## WHAT YOU WILL DO
Skipping all images, output the listing word for word.

[Opening SUPPLIED DATA section]

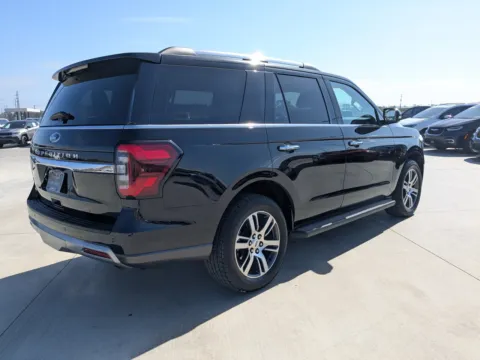More photos of 2024 Ford Expedition Limited at Woody Folsom CDJR of Douglas, GA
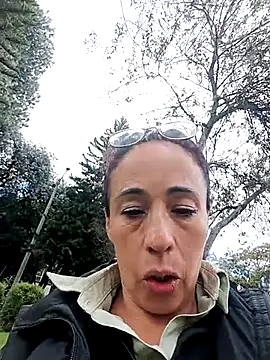 Snapshot of Coeur_de_luxure chatting on 11/28/25, 03:25 Coeur de luxure online show from 11/28/25, 03:25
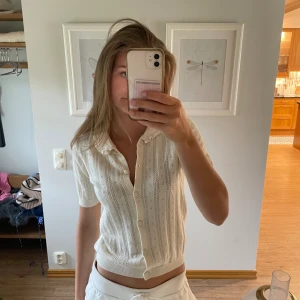 Stickad topp - Skön stickad topp med knappar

[Closing SUPPLIED DATA section]

## SOLUTION FOR THIS PROBLEM
More photos of 2024 Ford Expedition Limited at Woody Folsom CDJR of Douglas, GA
 Snapshot of Coeur_de_luxure chatting on 11/28/25, 03:25 Coeur de luxure online show from 11/28/25, 03:25
 Stickad topp - Skön stickad topp med knappar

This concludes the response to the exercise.